As with most Christians, Luther's basic failure was to misunderstand the apocalyptic setting of repentance

What does it all mean, Bertie?
As here:

"When our Lord and Master, Jesus Christ, said ‘Repent,’ He called for the entire life of believers to be one of penitence." This was the first of Martin Luther’s 95 theses, pinned to the door of a Wittenberg church in 1517—and the beginning of the movement that would ultimately fracture the church and alter the trajectory of the West.

The crux of the matter is in the phrase "entire life". Luther's excellence is that he grasped the difference between what was self-evidently not authentic about Christian civilization and what it should have looked like, but himself fell short of the implications. Well, who hasn't? Haven't all sinned and fallen short of the glory of God?

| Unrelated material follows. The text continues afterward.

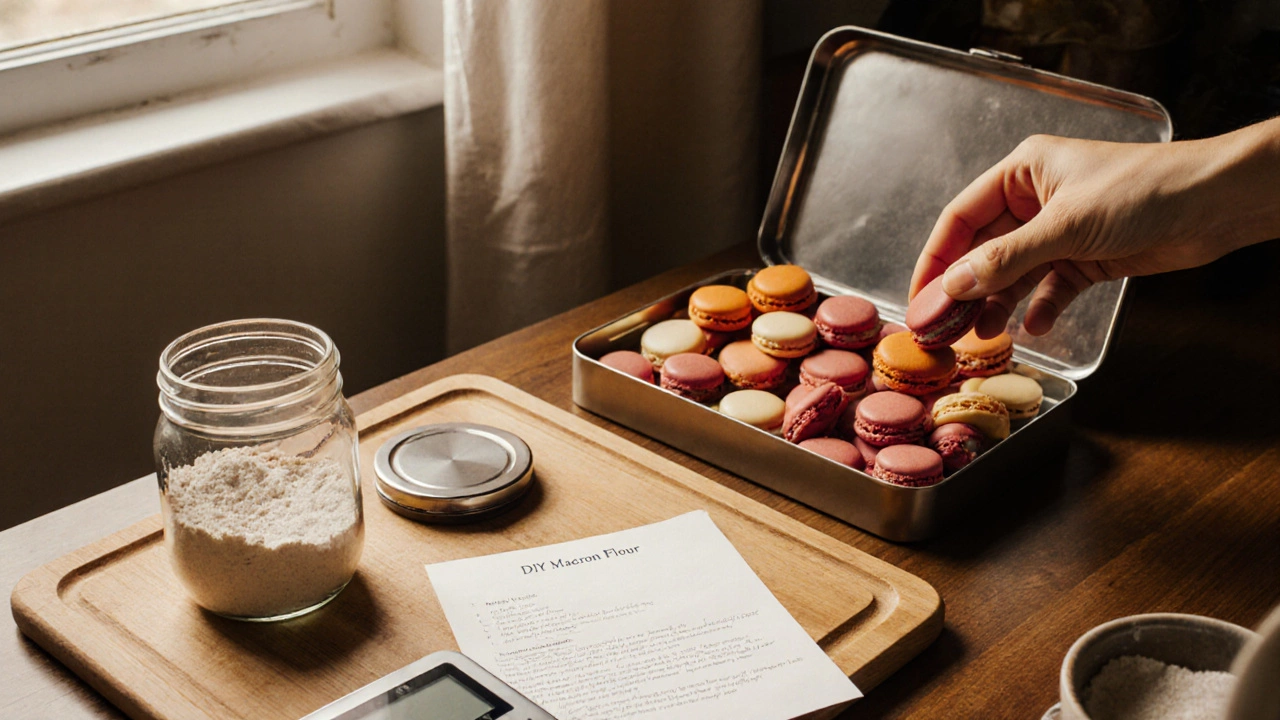 Kitchen table set for DIY macarons with recipe, scale, and a box of seasonal macaron treats.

Jesus did not imagine generation upon generation of millions of repentant believers across the globe spending their long lives daily drowning the Old Adam in the waters of baptism in fervent hope of eternal life as they pursued their vocations to the glory of God. Instead he imagined a few chosen ones from his own generation of Jews repudiating their lives, their relationships, obligations and values, all of which held them back from the righteousness of God, in firm expectation of the imminent in-breaking of the kingdom of God and the final judgment. The history of Christianity is nothing more than a long list of compromises with this radicalism, more or less trying to corral this elephant in the chancel, disguise it or shoot it.

Schweitzer at least let it return to the jungle.